Microsoft Translator Hub

Like the Translator Toolkit, Google’s initiative to improve the quality of the Google Translator, the goal of Microsoft’s Translator Hub is to take the Microsoft/Bing Translator to the next level. Unlike the Google Translator Toolkit, however, the Microsoft Translator Hub is a DIY SMT service that lets users create their own customized MT engines. Best of all: Using the Microsoft Translator Hub is completely free for users translating less than two million characters per month.


KantanMT is a brand new DIY SMT service that just opened its doors. Unlike many other SMT service providers, KantanMT neither has up-front customization charges nor per-word translation fees. Instead, KantanMT charges a flat monthly subscription fee for customizing and maintaining either 20 or 40 engines for €499 and €999, respectively. KantanMT offers a free trial period of 14 days.


SmartMate is more than just a DIY SMT service; it offers a complete cloud-based translation management solution, including online editing and terminology management functionalities. Monthly subscription rates start at US$85 for 100,000 words and two editor seats. SmartMate offers a free trial period of five days.

Do-it-yourself MT: Taking (statistical) machine translation to the next level

New Web-based statistical machine translation services are currently revolutionizing the market. These SaaS solutions allow users to customize an MT engine with their own translation memories. As most of these services follow the subscription model, launching a DIY MT project costs only a fraction of traditional machine translation tools, which makes this powerful technology affordable for even the smallest organization.

The statistical approach to machine translation, where large sets of training data determine the translation result, has become the dominant force in automated translation. With Google Translate, which currently supports 71 languages, statistical machine translation (SMT) has become easily available to anyone who wants to use it. For professional applications, tailoring the output of an SMT system to the needs of a specific audience used to be a major challenge – at least until very recently.

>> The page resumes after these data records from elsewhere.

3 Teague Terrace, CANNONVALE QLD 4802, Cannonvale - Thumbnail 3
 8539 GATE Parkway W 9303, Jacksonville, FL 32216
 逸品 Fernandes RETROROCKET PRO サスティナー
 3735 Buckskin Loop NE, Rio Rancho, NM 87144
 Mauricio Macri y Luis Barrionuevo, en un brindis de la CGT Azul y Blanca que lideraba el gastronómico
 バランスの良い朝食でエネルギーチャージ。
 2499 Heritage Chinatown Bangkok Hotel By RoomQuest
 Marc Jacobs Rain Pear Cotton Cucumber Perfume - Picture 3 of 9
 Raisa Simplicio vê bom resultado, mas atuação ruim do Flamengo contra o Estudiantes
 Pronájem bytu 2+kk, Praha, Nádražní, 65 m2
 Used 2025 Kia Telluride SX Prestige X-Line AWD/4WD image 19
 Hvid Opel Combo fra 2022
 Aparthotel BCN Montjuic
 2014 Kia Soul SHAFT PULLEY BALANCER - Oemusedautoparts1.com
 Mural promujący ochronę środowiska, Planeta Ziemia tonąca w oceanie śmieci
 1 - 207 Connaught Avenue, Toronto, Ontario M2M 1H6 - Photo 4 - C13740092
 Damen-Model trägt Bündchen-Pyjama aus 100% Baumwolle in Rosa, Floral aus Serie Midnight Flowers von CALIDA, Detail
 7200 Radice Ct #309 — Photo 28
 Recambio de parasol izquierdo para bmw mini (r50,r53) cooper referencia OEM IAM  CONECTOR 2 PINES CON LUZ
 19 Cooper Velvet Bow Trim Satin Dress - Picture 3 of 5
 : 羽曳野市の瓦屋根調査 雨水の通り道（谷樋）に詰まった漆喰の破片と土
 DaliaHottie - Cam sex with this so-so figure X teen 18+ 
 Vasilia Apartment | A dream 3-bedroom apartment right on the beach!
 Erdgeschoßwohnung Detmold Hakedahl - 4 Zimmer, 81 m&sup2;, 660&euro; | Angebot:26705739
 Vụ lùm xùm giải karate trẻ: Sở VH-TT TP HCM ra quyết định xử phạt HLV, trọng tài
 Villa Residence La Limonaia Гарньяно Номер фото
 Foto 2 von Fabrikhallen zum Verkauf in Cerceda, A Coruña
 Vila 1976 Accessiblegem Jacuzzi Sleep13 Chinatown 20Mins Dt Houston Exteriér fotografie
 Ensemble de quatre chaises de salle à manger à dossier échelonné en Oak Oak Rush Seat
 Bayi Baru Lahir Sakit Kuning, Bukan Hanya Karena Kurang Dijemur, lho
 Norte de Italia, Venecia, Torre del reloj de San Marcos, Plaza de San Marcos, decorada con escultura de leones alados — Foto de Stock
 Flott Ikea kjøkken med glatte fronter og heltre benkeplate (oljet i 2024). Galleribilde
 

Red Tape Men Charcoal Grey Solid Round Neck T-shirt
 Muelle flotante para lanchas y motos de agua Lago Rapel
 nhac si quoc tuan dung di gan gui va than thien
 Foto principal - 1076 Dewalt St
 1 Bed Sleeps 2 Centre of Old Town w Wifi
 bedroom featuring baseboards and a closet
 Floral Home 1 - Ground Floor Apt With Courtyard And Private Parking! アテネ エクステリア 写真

During the last two years, several SMT services have emerged that give users a high degree of control over the quality of machine-generated translations. Their business model is simple: Make a powerful statistical machine translation system accessible via the Web and allow users to customize an MT engine by uploading their own translation memories. And reduce the price of using a customized SMT system to a fraction of what high-quality machine translation traditionally costs.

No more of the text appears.